Spinning the Oldies
BU People: Archivist Ford Curran preserves the past at work and play
“I’m a lover of antiquities,” says Ford Curran, staff coordinator at the Howard Gotlieb Archival Research Center. By day, Curran assists researchers and helps run events sponsored by the Gotlieb, like a December 5th lecture by author James Carroll and a January 16th presentation on African-American History Makers in Massachusetts.
“We preserve historic and contemporary collections of notable figures and make them accessible to the public,” says Curran. The Gotlieb Center contains the personal papers of Martin Luther King Jr., Isaac Asimov, Fred Astaire, Senator Edward W. Brooke III, Bette Davis, David Halberstam, Dan Rather, and other heavyweights of the twentieth century, as well as those of earlier centuries, including U.S. presidents and signers of the Declaration of Independence.
By night, Curran is a disk jockey and event promoter who brings his love of classic Motown and early ska and reggae to the dance floor of clubs such as Great Scott’s, the Milky Way, and the Middle East. “I spin Jamaican oldies and ’60s soul music, mostly,” he says, citing the Kingstonians, Desmond Dekker, Jackie Wilson, and Otis Redding as being among his favorite artists.

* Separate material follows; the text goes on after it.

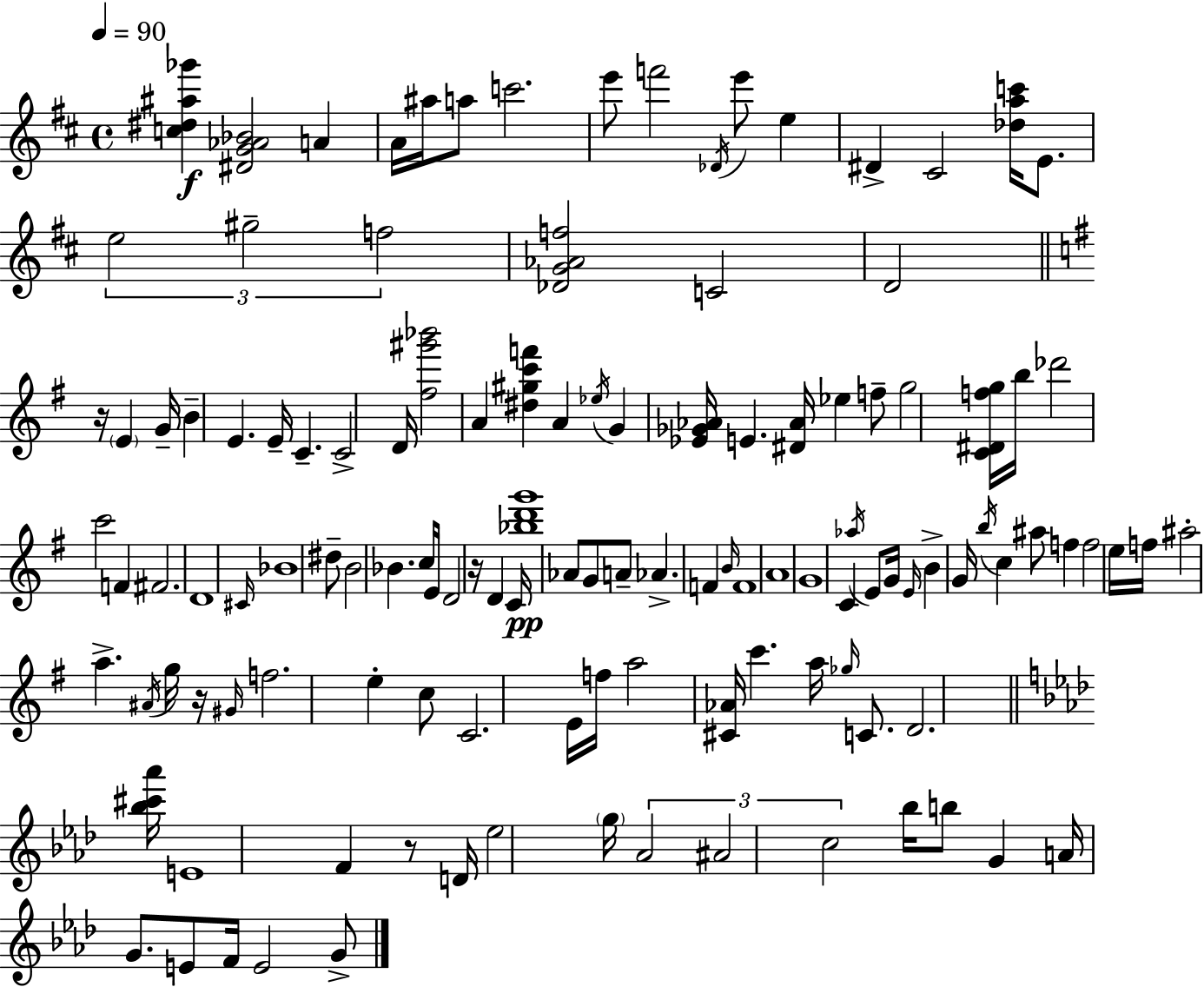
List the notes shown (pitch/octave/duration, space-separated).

[C5,D#5,A#5,Gb6]/q [D#4,G4,Ab4,Bb4]/h A4/q A4/s A#5/s A5/e C6/h. E6/e F6/h Db4/s E6/e E5/q D#4/q C#4/h [Db5,A5,C6]/s E4/e. E5/h G#5/h F5/h [Db4,G4,Ab4,F5]/h C4/h D4/h R/s E4/q G4/s B4/q E4/q. E4/s C4/q. C4/h D4/s [F#5,G#6,Bb6]/h A4/q [D#5,G#5,C6,F6]/q A4/q Eb5/s G4/q [Eb4,Gb4,Ab4]/s E4/q. [D#4,Ab4]/s Eb5/q F5/e G5/h [C4,D#4,F5,G5]/s B5/s Db6/h C6/h F4/q F#4/h. D4/w C#4/s Bb4/w D#5/e B4/h Bb4/q. C5/s E4/s D4/h R/s D4/q C4/s [Bb5,D6,G6]/w Ab4/e G4/e A4/e Ab4/q. F4/q B4/s F4/w A4/w G4/w C4/q Ab5/s E4/e G4/s E4/s B4/q G4/s B5/s C5/q A#5/e F5/q F5/h E5/s F5/s A#5/h A5/q. A#4/s G5/s R/s G#4/s F5/h. E5/q C5/e C4/h. E4/s F5/s A5/h [C#4,Ab4]/s C6/q. A5/s Gb5/s C4/e. D4/h. [Bb5,C#6,Ab6]/s E4/w F4/q R/e D4/s Eb5/h G5/s Ab4/h A#4/h C5/h Bb5/s B5/e G4/q A4/s G4/e. E4/e F4/s E4/h G4/e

Curran’s old-school aesthetic is reflected not only in his work and his side gig, but also in the understated early-1960s tendency of his wardrobe and in the furnishings of the Kenmore Square apartment where he lives with his wife, Kamiko, and their daughter, Concord. “I don’t own a microwave,” he says. “Or have cable TV.” But he does have an antique telephone, old tin ads for Ford Motors, and maps that show a “huge interest in Boston history.”
Even his wheels reflect another era — he owns a 1964 Chevrolet Impala SS with a 327 Turbo Fire engine, but he’s partial to his 1964 Vespa. “Riding any motorized, two-wheeled vehicle is the closest experience to flying that’s out there. When it’s an antique vehicle, that adds in aspects of time travel as well.”
Every summer, Curran organizes an antique motor rally that draws motor enthusiasts from around the world. The 2005 rally featured a ride around Boston’s Emerald Necklace, a string of parks designed in the nineteenth century by landscape-architecture pioneer Frederick Law Olmsted. “That ride gives people from out of town a real Bostonian experience incorporating leisure travel.”
As if all that wasn’t enough to occupy him, Curran, who received his bachelor’s in studio art and American history from Boston College, also paints portraits. His works have been published in literary magazines, used commercially by universities, and exhibited at the Fogg Art Museum in Cambridge; he’s even painted a portrait of his late boss, Howard Gotlieb, the founder of BU’s archival center.